Personal de la Unidad Investigativa Departamental (UID) de Guaymallén detuvo a un hombre que tenía pedido de captura vigente a nivel nacional por una causa de homicidio doblemente agravado, ocurrida en la provincia de San Juan en 2011.
El mendocino Lucio Gallardo Soto estaba prófugo tras ser imputado por homicidio agravado en 2011, en la vecina provincia.
Personal de la Unidad Investigativa Departamental (UID) de Guaymallén detuvo a un hombre que tenía pedido de captura vigente a nivel nacional por una causa de homicidio doblemente agravado, ocurrida en la provincia de San Juan en 2011.
Se trata de Lucio Gallardo Soto, un hombre que perdió la vista en los últimos años, luego de ser herido en sus ojos en dos circunstancias diferentes.
La detención se concretó ayer, tras una investigación de la Dirección General de Investigaciones y un allanamiento autorizado por la Justicia de Mendoza. El sospechoso quedó alojado en la Comisaría 25ª de Guaymallén, mientras se coordinan las actuaciones para su traslado a San Juan.
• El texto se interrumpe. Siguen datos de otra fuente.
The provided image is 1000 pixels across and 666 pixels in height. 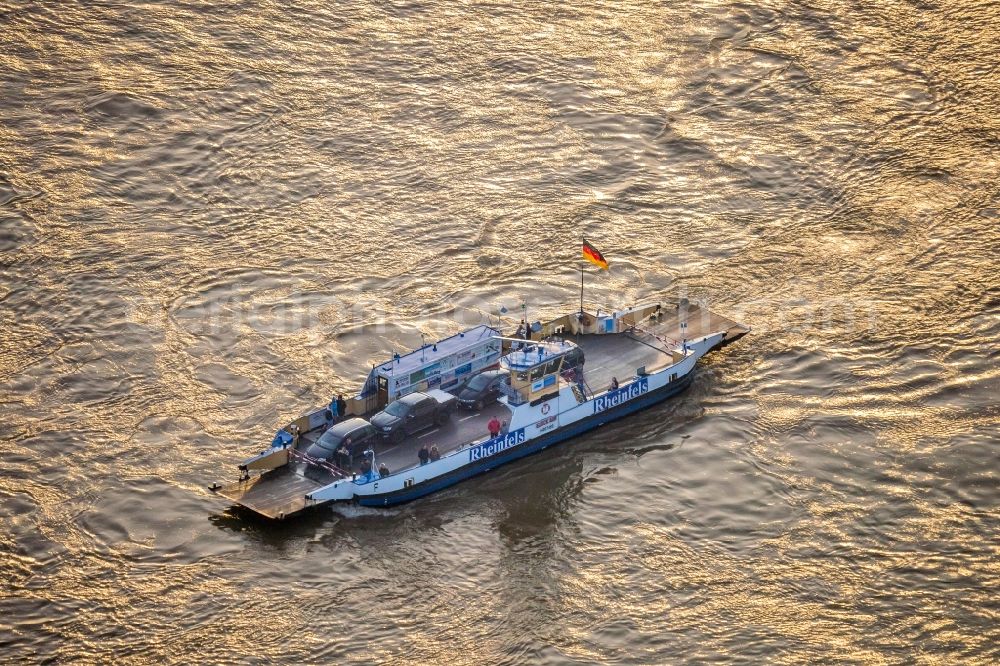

Según el Diario de Cuyo, Lucio Gallardo Soto perdió la visión de uno de sus ojos durante un operativo policial en Mendoza y, luego, la visión del otro tras recibir un puntazo en la cárcel. Esta condición física le permitió acceder a la prisión domiciliaria.
En noviembre del año pasado, fue detenido en Horcones cuando intentaba pasar a Chile con un acompañante, pero volvió a fugarse.
Para la Justicia de la vecina provincia, Gallardo Soto habría sido la persona que le disparó con una pistola 9 mm el 6 de febrero de 2011 al exboxeador amateur Guillermo Romero (36), quien murió dos semanas después.
En ese momento, el acusado estaba con prisión domiciliaria en la casa de un amigo, en el departamento de Rivadavia (San Juan), imputado por homicidio agravado por el concurso premeditado de dos o más personas y por el uso de un arma de fuego. Cuando fueron a notificarle la prisión preventiva, el hombre había desaparecido.
Según advierte la publicación sanjuanina, “en Mendoza, Gallardo Soto tiene fama de asesino a sueldo”. En el expediente judicial consta que dos vecinos de Romero vieron al mendocino, con un parche en uno de sus ojos, recibir un arma que le entregó Martín Camargo (un vecino de la víctima) y subir a un Dodge 1500 azul.
El día en que le dispararon, el exboxeador salió de su casa cuando lo llamaron y una persona le disparó. Algunos vecinos declararon que el tirador fue Gallardo Soto y escucharon que decía: “Esto es un encargo del ‘Gringo’ Camargo”, antes de huir en una moto.
La noche anterior, Camargo y otros sujetos habían amenazado de muerte a Romero, quien le había ganado una pelea mano a mano. Además, había de por medio denuncias por venta de drogas y un romance con una de sus hijas.
Según el Diario de Cuyo, “Camargo fue protagonista de un hecho polémico: aceptó cadena perpetua en un juicio abreviado, pero el juez le dio 12 años por instigar el crimen, pues consideró que no estaba probado que hubiera enviado a matar a Romero”.